Data supplied
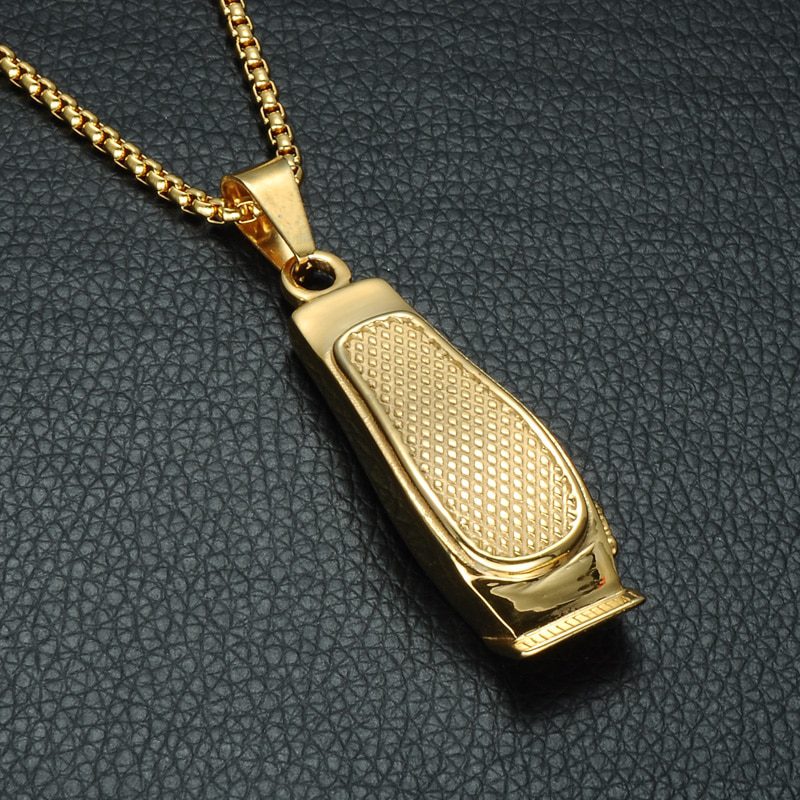 A gold plated pendant on a chain.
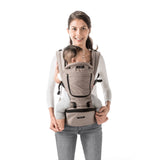 Smiling parent wearing a beige MiaMily Hipster ergonomic baby carrier with a baby facing forward.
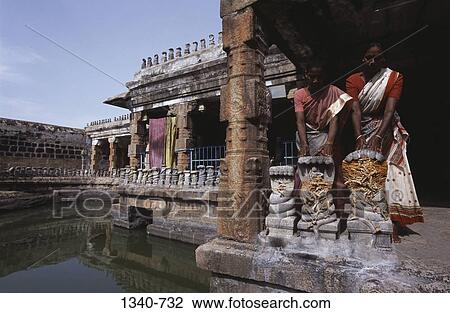 Two women worshipping in a temple, Naganathaswamy Temple, Peraiyur, Madurai District, Tamil Nadu, India View Large Photo Image Stock Image - Two women worshipping in a temple, Naganathaswamy Temple, Peraiyur, Madurai District, Tamil Nadu, India. Fotosearch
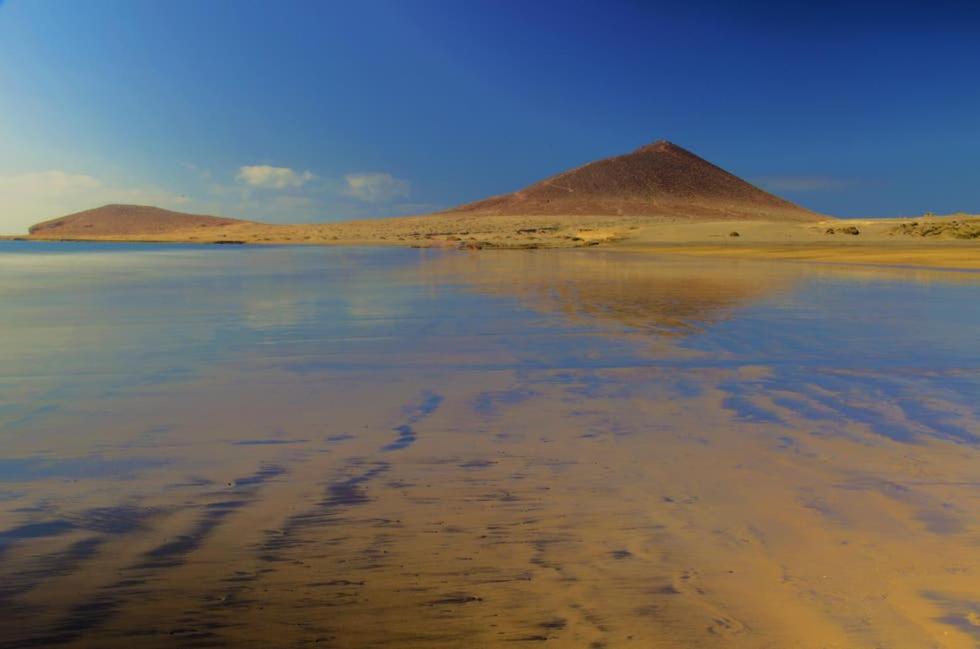 - une vue sur une plage avec une pyramide en arrière-plan dans l'établissement PARAISO DEL MEDANO ,CENTRICO, à El Médano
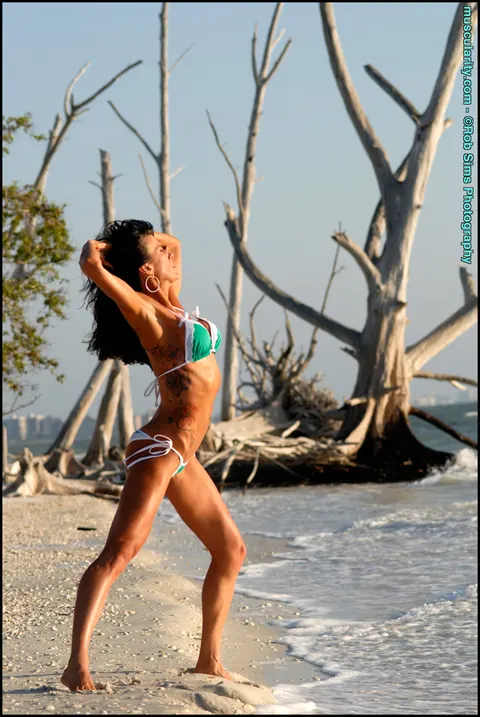 Muscular MILF with Big Tits Strips Off Her Bikini Top on the Beach – photo 7 of 15
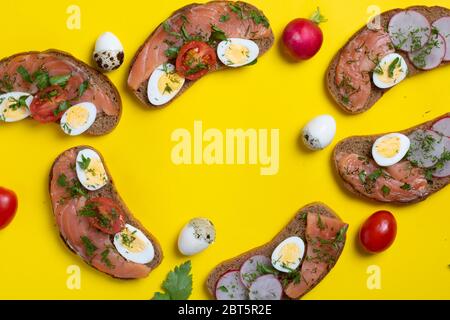 Sechs Brote mit Lachs, Wachteleier und Gemüse. Auf gelbem Papier, Draufsicht. Gelbes Papier Stockfoto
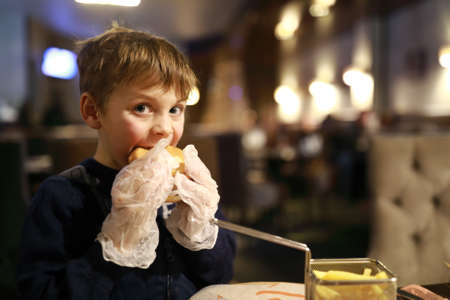 Boy with gloves eating burger in restaurantの写真素材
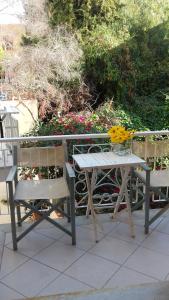 a picnic table and two chairs sitting on a patio at Villa Marina Apartments in Diano Marina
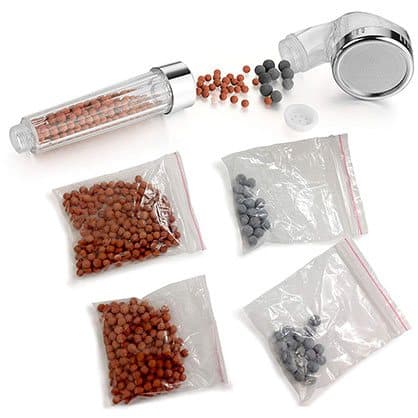 Clear shower handle with spilled orange and grey beads and four small bags of replacement beads, offered as an IOnic Spa add-on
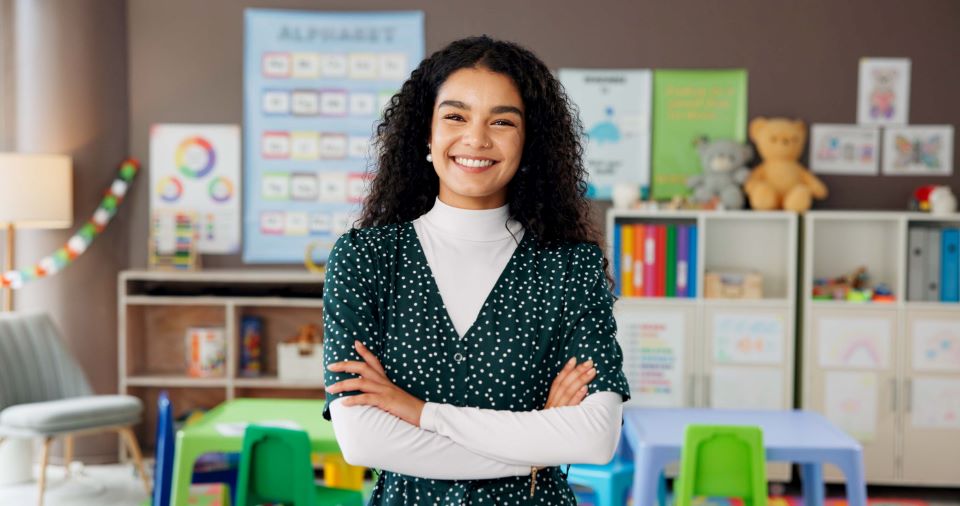 Woman, teacher and portrait in classroom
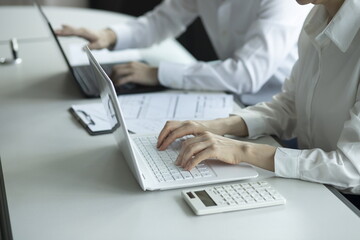 Business people using laptop in meeting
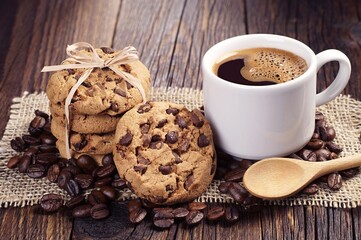 Coffee cup, chocolate chip cookies, and beans on old wooden table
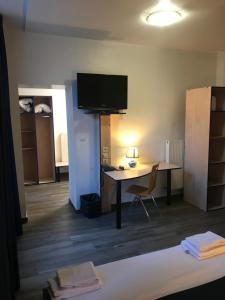 Zimmer mit einem Schreibtisch und einem TV an der Wand in der Unterkunft Cesar Hotel in Charleville-Mézières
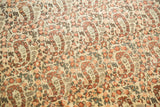 Repeating paisley boteh motif, germinating flowers, in ivory, rust, and moss green.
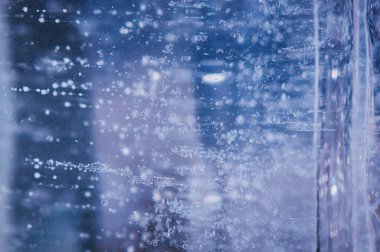 Aşağıdan yükselen hava kabarcıkları şeffaf mavi buzun içinde dondu. Buz deseni ve doku. Optik bozulma ve ışığın kırılması.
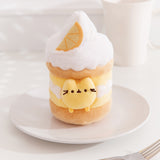 Front view of the Pusheen Sweets Lemon Cake Plush. The removable yellow Pusheen plush sits within a cake environment with whipped topped and a yellow lemon slice. 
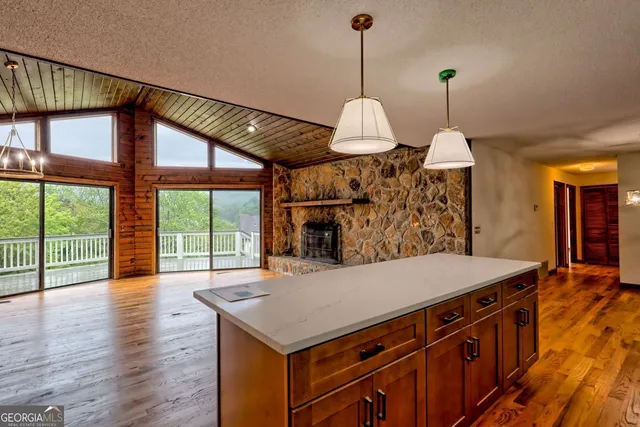 a view of a kitchen with wooden floor and a kitchen
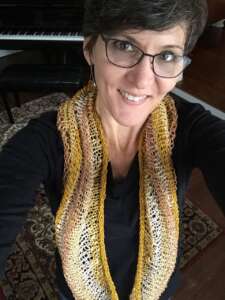 Worn as a long cowl.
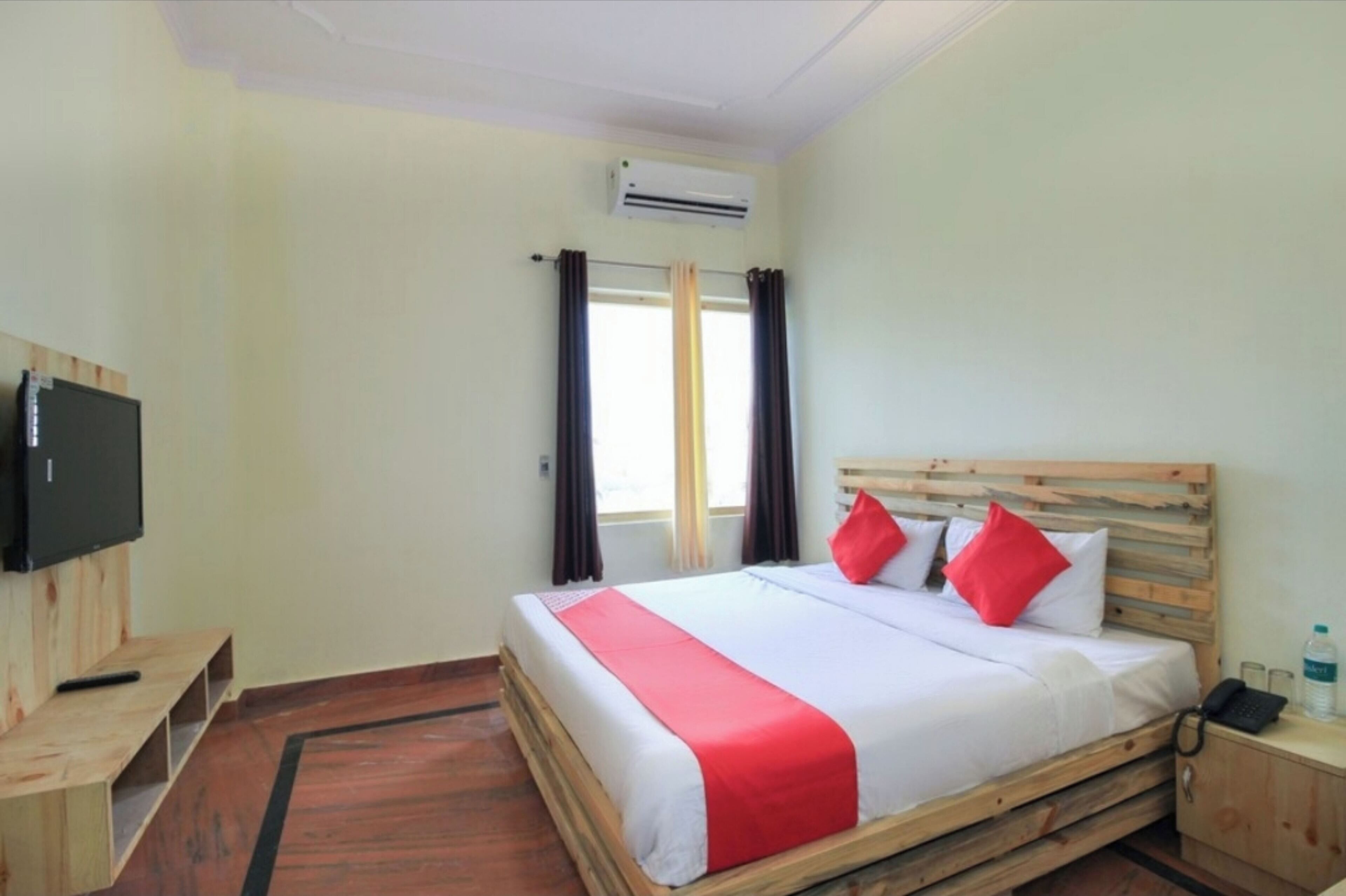 A hotel room with a wooden bed, a TV on a wooden stand, a bedside table, and a window with curtains.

Goal of the exercise
Each entry must be retyped word for word, with every image omitted.

Task result
 A gold plated pendant on a chain.
 Smiling parent wearing a beige MiaMily Hipster ergonomic baby carrier with a baby facing forward.
 Two women worshipping in a temple, Naganathaswamy Temple, Peraiyur, Madurai District, Tamil Nadu, India View Large Photo Image Stock Image - Two women worshipping in a temple, Naganathaswamy Temple, Peraiyur, Madurai District, Tamil Nadu, India. Fotosearch
 - une vue sur une plage avec une pyramide en arrière-plan dans l'établissement PARAISO DEL MEDANO ,CENTRICO, à El Médano
 Muscular MILF with Big Tits Strips Off Her Bikini Top on the Beach – photo 7 of 15
 Sechs Brote mit Lachs, Wachteleier und Gemüse. Auf gelbem Papier, Draufsicht. Gelbes Papier Stockfoto
 Boy with gloves eating burger in restaurantの写真素材
 a picnic table and two chairs sitting on a patio at Villa Marina Apartments in Diano Marina
 Clear shower handle with spilled orange and grey beads and four small bags of replacement beads, offered as an IOnic Spa add-on
 Woman, teacher and portrait in classroom
 Business people using laptop in meeting
 Coffee cup, chocolate chip cookies, and beans on old wooden table
 Zimmer mit einem Schreibtisch und einem TV an der Wand in der Unterkunft Cesar Hotel in Charleville-Mézières
 Repeating paisley boteh motif, germinating flowers, in ivory, rust, and moss green.
 Aşağıdan yükselen hava kabarcıkları şeffaf mavi buzun içinde dondu. Buz deseni ve doku. Optik bozulma ve ışığın kırılması.
 Front view of the Pusheen Sweets Lemon Cake Plush. The removable yellow Pusheen plush sits within a cake environment with whipped topped and a yellow lemon slice. 
 a view of a kitchen with wooden floor and a kitchen
 Worn as a long cowl.
 A hotel room with a wooden bed, a TV on a wooden stand, a bedside table, and a window with curtains.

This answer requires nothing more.